This course dives into the Semantic Web with its possibilities for humanities research through exploring ontologies and vocabularies for Linked Open Data: how they are constructed, how they function in relation to data structure and creation, and how they impact dissemination and querying. Practical exercises will include ontology creation and extension, using ontologies in the creation of LOD or conversion of existing data using a range of tools, and the use of ontologies in data querying, analysis, and visualization. Discussions and reflection on class activities will work towards an understanding how ontologies both mobilize and constrain data, analyzing the implications of different ontologies as forms of modeling, and evaluating the suitability of particular ontologies for different approaches to research. We will be particularly concerned with the ability of ontologies to reflect the heterogeneity, specificity, and situatedness of humanities data, and to support critical approaches such as feminism, critical race, and indigenous studies.
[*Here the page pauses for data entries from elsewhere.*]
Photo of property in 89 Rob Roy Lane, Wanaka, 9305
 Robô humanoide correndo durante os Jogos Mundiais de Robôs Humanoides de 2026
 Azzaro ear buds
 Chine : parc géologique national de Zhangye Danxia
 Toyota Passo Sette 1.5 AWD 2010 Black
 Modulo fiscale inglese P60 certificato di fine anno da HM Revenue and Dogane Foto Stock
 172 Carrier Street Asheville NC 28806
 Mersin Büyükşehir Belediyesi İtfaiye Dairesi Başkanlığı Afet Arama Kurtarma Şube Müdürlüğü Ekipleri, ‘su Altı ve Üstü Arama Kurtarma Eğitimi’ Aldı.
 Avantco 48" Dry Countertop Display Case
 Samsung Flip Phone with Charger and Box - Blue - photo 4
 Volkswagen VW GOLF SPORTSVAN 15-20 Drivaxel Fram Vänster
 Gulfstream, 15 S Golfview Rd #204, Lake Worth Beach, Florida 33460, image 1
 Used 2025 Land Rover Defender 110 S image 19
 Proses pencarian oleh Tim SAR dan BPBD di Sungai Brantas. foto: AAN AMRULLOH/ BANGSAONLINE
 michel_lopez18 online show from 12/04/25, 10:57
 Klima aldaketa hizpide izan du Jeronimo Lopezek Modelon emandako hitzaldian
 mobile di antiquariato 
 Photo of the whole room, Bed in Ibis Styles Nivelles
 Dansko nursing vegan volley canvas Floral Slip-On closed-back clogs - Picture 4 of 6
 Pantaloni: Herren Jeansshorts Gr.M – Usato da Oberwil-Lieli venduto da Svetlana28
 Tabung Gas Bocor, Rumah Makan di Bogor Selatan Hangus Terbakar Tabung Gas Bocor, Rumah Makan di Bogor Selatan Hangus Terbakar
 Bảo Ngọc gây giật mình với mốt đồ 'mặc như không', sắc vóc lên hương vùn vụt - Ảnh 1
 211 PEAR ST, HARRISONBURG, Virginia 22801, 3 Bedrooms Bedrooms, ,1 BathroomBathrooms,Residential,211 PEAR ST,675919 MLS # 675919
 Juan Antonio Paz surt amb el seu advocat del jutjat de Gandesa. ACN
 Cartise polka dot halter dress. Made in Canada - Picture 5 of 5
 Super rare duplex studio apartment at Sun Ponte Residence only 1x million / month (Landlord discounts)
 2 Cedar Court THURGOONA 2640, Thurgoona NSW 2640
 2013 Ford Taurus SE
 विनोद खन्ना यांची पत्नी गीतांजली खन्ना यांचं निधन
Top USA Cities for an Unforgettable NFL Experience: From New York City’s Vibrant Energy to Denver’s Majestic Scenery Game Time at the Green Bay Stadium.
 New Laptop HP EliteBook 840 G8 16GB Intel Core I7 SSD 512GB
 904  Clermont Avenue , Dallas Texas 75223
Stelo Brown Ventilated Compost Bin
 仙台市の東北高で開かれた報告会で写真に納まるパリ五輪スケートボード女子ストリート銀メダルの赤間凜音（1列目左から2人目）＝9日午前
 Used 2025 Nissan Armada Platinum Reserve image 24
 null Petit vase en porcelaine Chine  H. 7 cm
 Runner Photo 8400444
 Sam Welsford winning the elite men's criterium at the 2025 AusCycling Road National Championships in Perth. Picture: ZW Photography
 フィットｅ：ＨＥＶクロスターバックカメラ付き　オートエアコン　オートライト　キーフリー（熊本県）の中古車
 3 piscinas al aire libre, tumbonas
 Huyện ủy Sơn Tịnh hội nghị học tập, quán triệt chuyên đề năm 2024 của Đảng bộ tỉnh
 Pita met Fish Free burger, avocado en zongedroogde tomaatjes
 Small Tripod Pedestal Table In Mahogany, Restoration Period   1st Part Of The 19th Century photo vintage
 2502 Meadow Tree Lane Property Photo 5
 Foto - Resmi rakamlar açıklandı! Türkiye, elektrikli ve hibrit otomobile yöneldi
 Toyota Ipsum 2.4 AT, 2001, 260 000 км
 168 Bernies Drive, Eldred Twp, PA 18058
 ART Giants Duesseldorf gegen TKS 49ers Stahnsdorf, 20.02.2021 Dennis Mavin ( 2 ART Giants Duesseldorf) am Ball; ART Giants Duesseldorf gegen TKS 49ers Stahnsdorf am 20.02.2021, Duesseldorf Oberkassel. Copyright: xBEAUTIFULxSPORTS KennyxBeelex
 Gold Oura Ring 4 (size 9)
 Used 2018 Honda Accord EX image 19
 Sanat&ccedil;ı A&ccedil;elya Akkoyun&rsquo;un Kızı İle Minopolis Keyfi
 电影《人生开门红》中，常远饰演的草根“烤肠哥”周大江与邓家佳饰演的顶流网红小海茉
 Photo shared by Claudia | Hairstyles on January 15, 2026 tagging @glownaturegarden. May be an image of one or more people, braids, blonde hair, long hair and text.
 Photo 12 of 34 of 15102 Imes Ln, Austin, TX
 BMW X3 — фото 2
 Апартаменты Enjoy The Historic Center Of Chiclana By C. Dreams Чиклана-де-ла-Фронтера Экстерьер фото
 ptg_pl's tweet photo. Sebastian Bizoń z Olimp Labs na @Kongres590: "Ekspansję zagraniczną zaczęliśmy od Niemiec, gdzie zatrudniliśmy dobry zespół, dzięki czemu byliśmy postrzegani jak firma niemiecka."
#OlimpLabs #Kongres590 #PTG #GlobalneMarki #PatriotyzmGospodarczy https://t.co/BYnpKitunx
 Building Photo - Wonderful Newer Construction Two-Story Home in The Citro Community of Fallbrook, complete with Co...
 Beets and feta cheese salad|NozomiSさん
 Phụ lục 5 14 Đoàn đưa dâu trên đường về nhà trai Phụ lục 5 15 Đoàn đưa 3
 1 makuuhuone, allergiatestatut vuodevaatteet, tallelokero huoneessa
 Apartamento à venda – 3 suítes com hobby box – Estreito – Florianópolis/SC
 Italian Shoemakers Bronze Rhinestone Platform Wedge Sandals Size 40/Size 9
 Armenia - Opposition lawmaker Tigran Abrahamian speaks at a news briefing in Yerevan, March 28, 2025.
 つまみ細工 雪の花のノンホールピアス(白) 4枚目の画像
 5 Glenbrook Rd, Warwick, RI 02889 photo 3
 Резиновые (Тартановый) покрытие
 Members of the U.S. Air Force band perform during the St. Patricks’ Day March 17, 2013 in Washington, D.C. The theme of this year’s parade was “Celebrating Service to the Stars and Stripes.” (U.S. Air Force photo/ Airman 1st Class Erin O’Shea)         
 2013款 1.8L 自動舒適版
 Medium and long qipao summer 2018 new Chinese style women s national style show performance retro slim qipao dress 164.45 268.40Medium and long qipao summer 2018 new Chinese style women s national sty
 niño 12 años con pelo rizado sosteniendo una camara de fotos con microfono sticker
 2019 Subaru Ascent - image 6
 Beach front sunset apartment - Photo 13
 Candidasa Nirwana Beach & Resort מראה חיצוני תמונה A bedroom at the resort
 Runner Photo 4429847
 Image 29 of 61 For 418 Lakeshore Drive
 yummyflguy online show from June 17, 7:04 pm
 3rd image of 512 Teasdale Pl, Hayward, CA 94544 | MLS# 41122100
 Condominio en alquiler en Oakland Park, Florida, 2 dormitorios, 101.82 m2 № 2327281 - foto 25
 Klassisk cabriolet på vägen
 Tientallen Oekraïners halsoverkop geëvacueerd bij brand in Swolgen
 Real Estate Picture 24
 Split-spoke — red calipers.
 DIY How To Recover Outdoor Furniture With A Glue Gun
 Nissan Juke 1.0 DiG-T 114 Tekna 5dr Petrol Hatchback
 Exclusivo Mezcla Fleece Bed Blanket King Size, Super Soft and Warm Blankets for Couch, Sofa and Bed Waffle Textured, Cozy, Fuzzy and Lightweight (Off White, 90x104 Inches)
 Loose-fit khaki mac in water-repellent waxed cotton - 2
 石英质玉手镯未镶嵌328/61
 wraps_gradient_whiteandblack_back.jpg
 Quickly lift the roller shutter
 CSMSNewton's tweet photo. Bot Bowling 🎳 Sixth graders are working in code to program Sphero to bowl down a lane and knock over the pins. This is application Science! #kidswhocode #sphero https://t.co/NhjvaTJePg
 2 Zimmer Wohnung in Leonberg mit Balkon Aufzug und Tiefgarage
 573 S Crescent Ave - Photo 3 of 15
This course is offered by the Linked Infrastructure for Networked Cultural Scholarship cyberinfrastructure project, which will be providing tools and methods for converting humanities datasets into LOD. Researchers are encouraged to bring content they are interested in mobilizing in the form of an essay, article, primary text for editing; XML (e.g. TEI or MODS) data; or a spreadsheet or CSV file. These will form the basis of discussions, analyses, and experimentation with tools.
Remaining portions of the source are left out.